Ekspresi Kaivorn mulai berubah, tanda kecil dari kecemasannya mulai terlihat di balik sikap tenangnya. Namun, sekali lagi, ia memilih untuk diam.
"Ketiga," suara Amon semakin rendah namun tegas, "100 squats. Setiap hari. Kaki Anda adalah fondasi, tanpa kekuatan kaki yang baik, Anda akan tersapu oleh serangan terkecil sekalipun."
"Seratus... squats?" gumam Kaivorn, mulai menyadari bahwa ini jauh dari sekadar latihan biasa.
Amon tak memberikan ruang untuk protes. "Keempat, plank selama sepuluh menit, empat set setiap hari. Ini untuk melatih otot inti Anda. Pertempuran bukan hanya tentang kekuatan, tetapi juga tentang kestabilan."
"Plank sepuluh menit?" Kaivorn merasa semakin terjepit dalam jadwal latihan yang terasa mustahil.
"Dan yang terakhir," kata Amon, tatapannya serius dan tidak dapat dibantah, "100 burpees setiap hari. Ini akan melatih refleks, kelincahan, dan kekuatan seluruh tubuh."
Kaivorn hampir tak percaya. "Seratus burpees? Itu... mustahil!"
Amon, dengan ketenangan seorang ksatria yang telah melewati puluhan pertempuran, hanya menatap Kaivorn tanpa ekspresi. "Tidak ada yang mustahil jika Anda ingin menjadi pahlawan."
Kaivorn berdiri terpaku, tubuhnya terasa ringan namun pikirannya berat, berputar cepat seperti badai.
“Ini gila,” gumamnya akhirnya, mencoba merasionalisasi situasi, “kau serius dengan semua ini?”
"Lebih dari serius," jawab Amon, kali ini dengan nada dingin. "Ini adalah dasar. Tanpa dasar yang kuat, tidak ada kejayaan yang bisa Anda capai.”
Kaivorn menghela napas panjang. "Sangat berat... tidak bisakah kau meredakan latihannya sedikit saja?"
Amon menggeleng. “Bukankah Anda yang meminta saya melatih Anda dengan segenap kemampuan saya? Jika Anda menginginkan hasil, maka jalani latihannya.”
Seketika, layar biru transparan muncul di hadapannya, memberikan informasi yang hanya bisa dilihat olehnya.
[Misi Harian spesial: “Hero Knight Exercises” telah ditetapkan.]
[Misi Harian]
[Lari 20 Kilometer (Belum selesai)]
[100 Push Up (Belum selesai)]
[100 Squats (Belum selesai)]
[Plank 10 menit × 4 set (Belum selesai)]
[100 Burpees (Belum selesai)]
[Hadiah: +8 poin keterampilan untuk seluruh statistik fisik.]
[Hukuman: Anda akan dilempar ke dalam Dimensi Kalidron selama satu jam.]
Kaivorn menatap layar itu dengan bingung. "Dimensi Kalidron?" pikirnya, "Terdengar seperti tempat yang sangat berbahaya..."

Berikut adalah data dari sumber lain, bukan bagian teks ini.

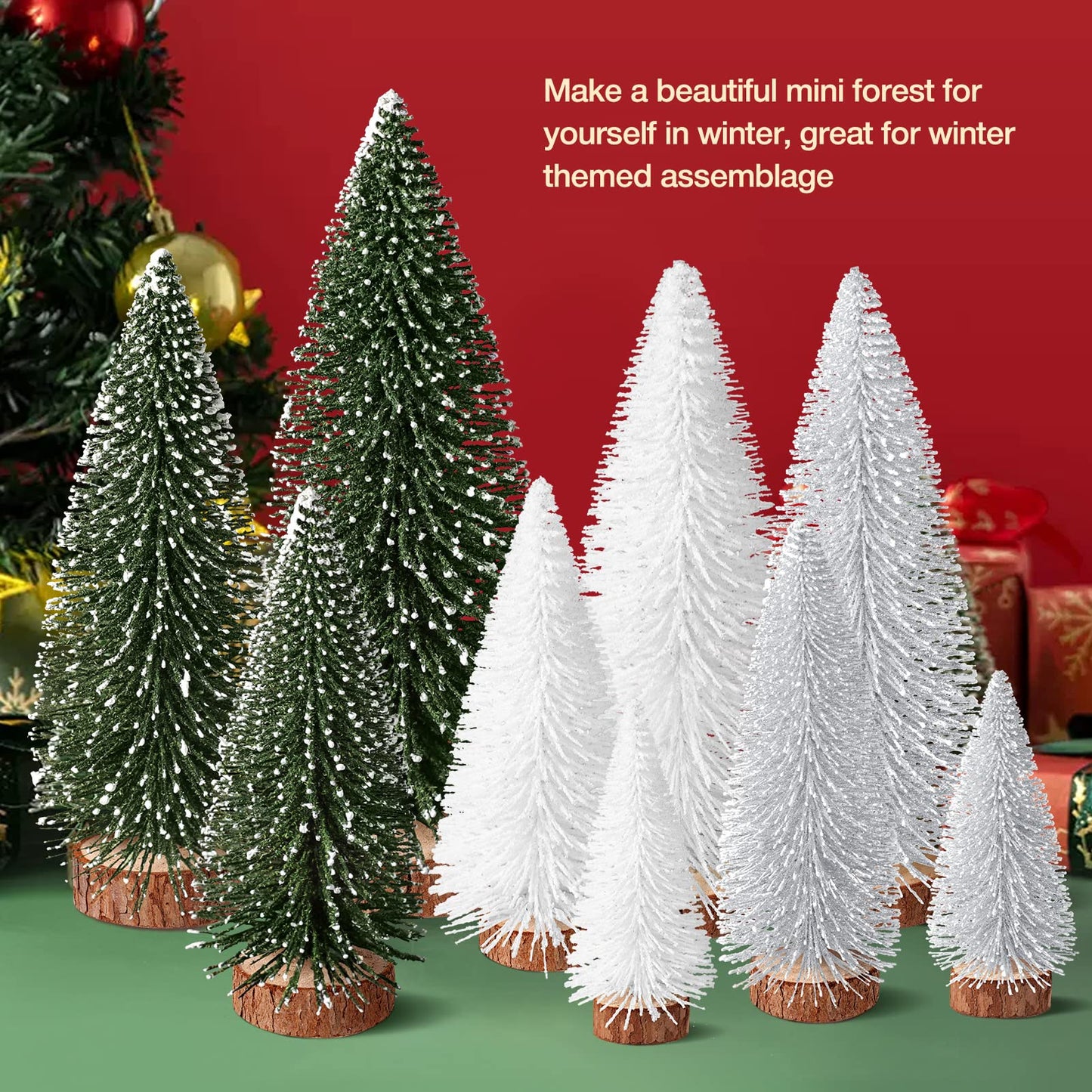 9Pcs Mini Bottle Brush Christmas Trees in 4 Sizes - Green, Silver, White Table Decorations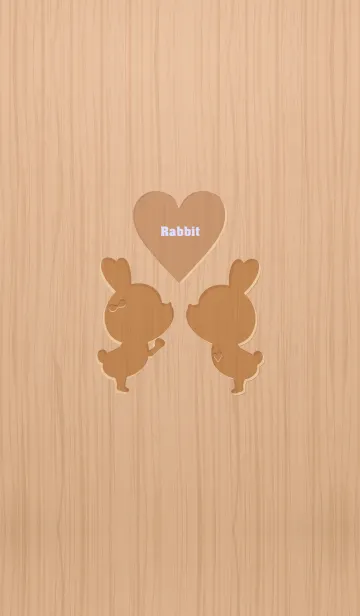 [LINE着せ替え] Woodgrain rabbit GB 5.の画像1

Dengan satu tarikan napas panjang, Kaivorn akhirnya menyerah pada kenyataan.
“Baiklah, aku akan melakukannya,” ucapnya dengan suara rendah, "tapi jangan harap aku tidak akan mengeluh.”
Amon tersenyum tipis, sedikit lega namun tetap tegas. "Saya tidak peduli dengan keluhan Anda. Yang penting adalah Anda melakukannya."